DATA UNDER STUDY »

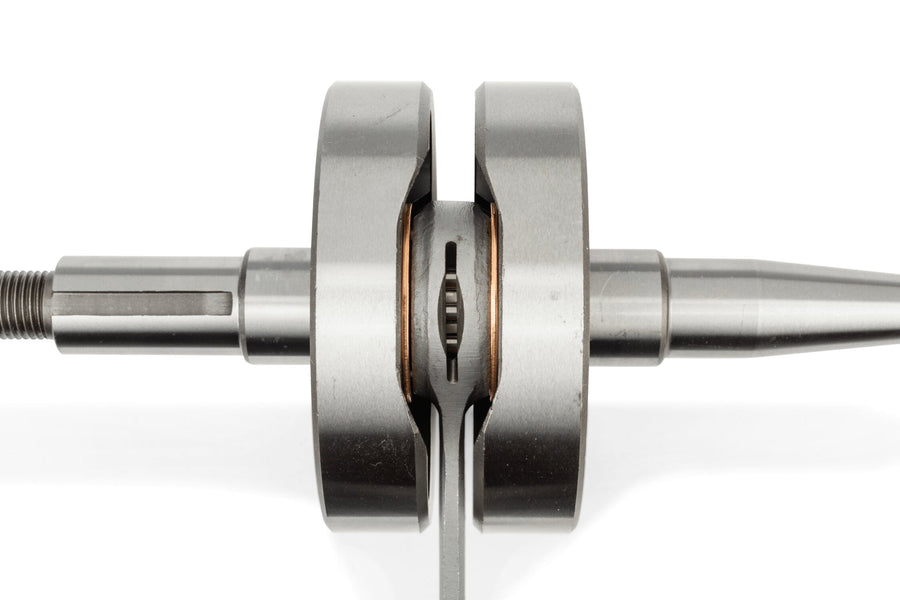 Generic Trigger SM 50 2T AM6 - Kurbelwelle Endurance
* * *
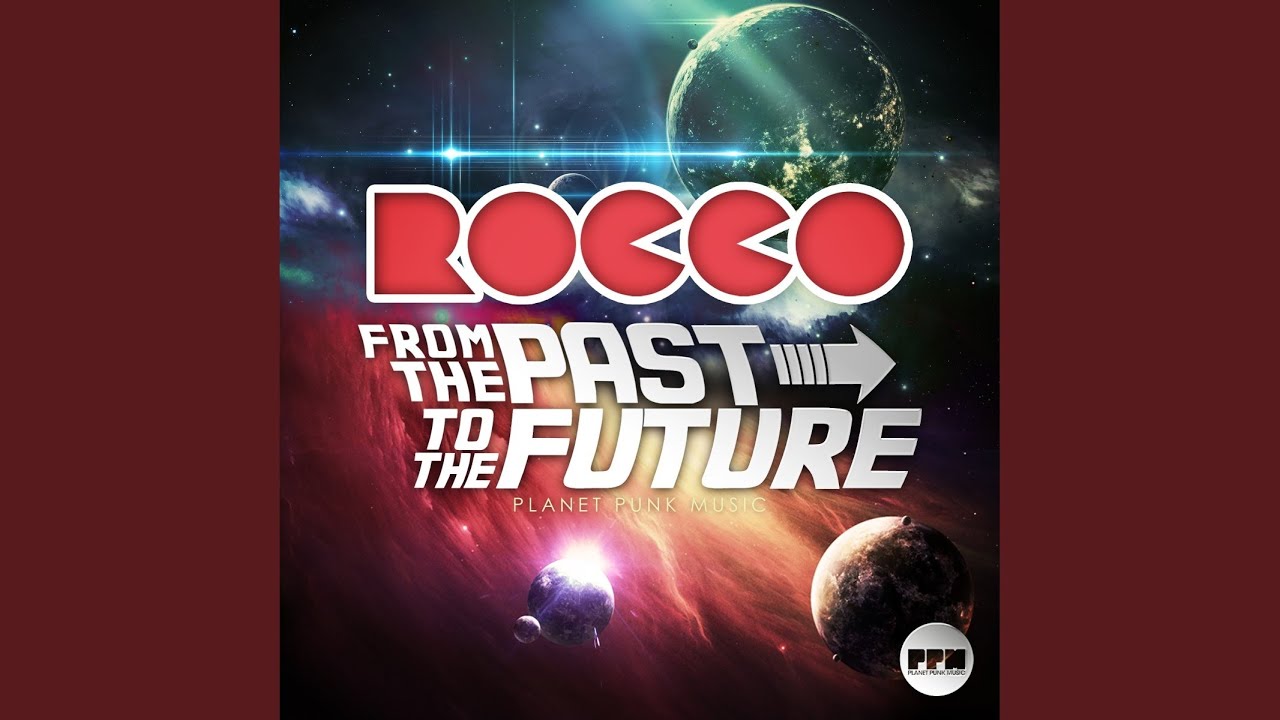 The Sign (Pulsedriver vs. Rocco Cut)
* * *
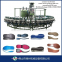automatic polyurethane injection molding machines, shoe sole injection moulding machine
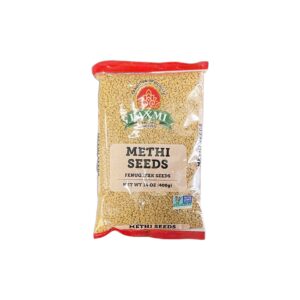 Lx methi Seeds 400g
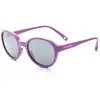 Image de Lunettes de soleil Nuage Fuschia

EXERCISE OBJECTIVE » Everything from the line with "automatic polyurethane injection" down to the line with "Image de Lunettes de soleil Nuage Fuschia" in the data above should be copied exactly, with both end lines kept and the pictures left out.

SOLUTION TO THE EXERCISE »
automatic polyurethane injection molding machines, shoe sole injection moulding machine
 Lx methi Seeds 400g
 Image de Lunettes de soleil Nuage Fuschia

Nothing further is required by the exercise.